Zé Amaro não acendeu a fogueira naquela noite de São João. Saiu em busca da parteira Naninha, ao primeiro gemido de Severina, anunciando a chegada do primogênito. Mas Francisco só chorou às sete da manhã do dia 24 de junho de 1948, no sítio Riacho do Bode, onde seu pai era morador, em São José da Lagoa Tapada, então distrito de Sousa.

Acompanhava o pai, transformado em migrante rural, de lá para cá e de cá para lá, entre fazendas, inclusive de Cajazeiras, terra de sua mãe. Nessas andanças, o menino virou cassaco em obras de emergência na seca de 1958. Não pegou pesado, é verdade, porque aprendera a ler com a mãe. Logo descobriram uma tarefa nobre para ele: ler folhetos de cordel, que homens analfabetos traziam das feiras. O menino agigantou-se diante de ouvidos atentos às histórias rimadas de poetas populares.

Foi seu primeiro contato com a literatura.

Mais tarde, teve que negociar com o pai sua ida à escola, quando já morava no sítio Caieiras, do major Lucas Moreira, patrão e pai de criação de sua mãe. Vou de manhã, pai, mas à tarde faço o serviço na roça. Assim foi estudar na cidade junto com seu irmão Bosco Amaro. Quase uma légua a vencer na ida e na volta. Daí para frente, viveu agruras e peripécias, narradas em 29 pequenos capítulos do livro As pedras do meu caminho: reminiscências, (Cajazeiras: Arribaçã, 2022), 278 páginas, incluindo Anexos com textos do professor, vereador, historiador Francisco das Chagas Amaro da Silva.

Leio como quem escuta o radialista conversar ao microfone, emendando um caso n’outro, dando topada, afastando pedras. Para isso, encontrou gente amiga, que lhe permitiu estudar e trabalhar. Os padres Vicente Freitas e Luiz Gualberto foram fundamentais, tal qual a Faculdade, criada em Cajazeiras em 1969. Chagas teve sorte e azares. O azar maior se deu quando cursava o mestrado no Rio. Após vira-e-mexe, o americano, seu orientador, retorna aos Estados Unidos, deixando ao “deus-dará” o jovem professor sertanejo.
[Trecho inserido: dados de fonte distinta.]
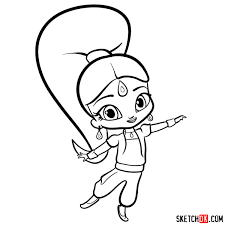 How To Draw Shimmer From Shimmer And Shine Sketchok Check out our shimmer and shine selection for the very best in unique or custom, handmade pieces from our clothing sets shops. how to draw shimmer from shimmer and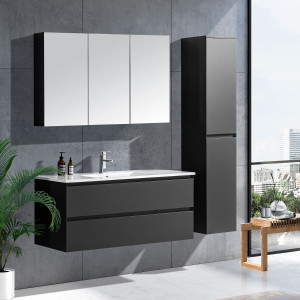 Noradesign 120 Cm Baderomsmøbel Single Grå Matt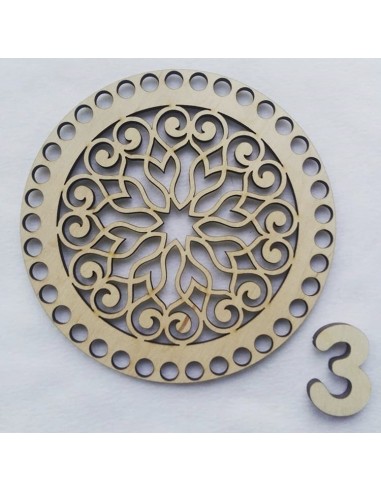 Base de madera troquelada fantasía 3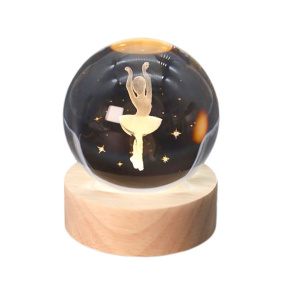 Glob LED decorativ, 9x7 cm, Balerină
De amores, Chagas fala pouco.

Ele atribui à rigidez do pai sua timidez enraizada. Até mesmo da vizinha de sítio, que lhe encantou, Chagas diz um quase nada. Apaixonou-se quando a menina-moça Maria Cartaxo era sua aluna no Diocesano. Hoje, o casal exibe com justo orgulho seus três filhos: Vládia, Bruno e Lorena, que já lhe deram dois netos.

A Academia Cajazeirense de Artes e Letras não figura nas reminiscências, mas à página 270 Maria brilha na foto, vaidosa por saber que, sendo esposa de imortal, nunca ficará viúva!